RECORDS SUPPLIED
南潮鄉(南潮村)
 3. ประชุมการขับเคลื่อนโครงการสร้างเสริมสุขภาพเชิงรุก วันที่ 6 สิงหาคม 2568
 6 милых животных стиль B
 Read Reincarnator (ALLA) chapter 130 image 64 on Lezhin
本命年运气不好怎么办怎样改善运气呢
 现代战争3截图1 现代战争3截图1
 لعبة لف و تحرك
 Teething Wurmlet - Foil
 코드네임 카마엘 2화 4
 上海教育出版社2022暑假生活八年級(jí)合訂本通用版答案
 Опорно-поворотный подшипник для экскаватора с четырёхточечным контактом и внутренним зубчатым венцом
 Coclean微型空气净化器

TASK REQUIREMENTS
The full set of records must be transcribed character for character.

YOUR SOLUTION
南潮鄉(南潮村)
 3. ประชุมการขับเคลื่อนโครงการสร้างเสริมสุขภาพเชิงรุก วันที่ 6 สิงหาคม 2568
 6 милых животных стиль B
 Read Reincarnator (ALLA) chapter 130 image 64 on Lezhin
本命年运气不好怎么办怎样改善运气呢
 现代战争3截图1 现代战争3截图1
 لعبة لف و تحرك
 Teething Wurmlet - Foil
 코드네임 카마엘 2화 4
 上海教育出版社2022暑假生活八年級(jí)合訂本通用版答案
 Опорно-поворотный подшипник для экскаватора с четырёхточечным контактом и внутренним зубчатым венцом
 Coclean微型空气净化器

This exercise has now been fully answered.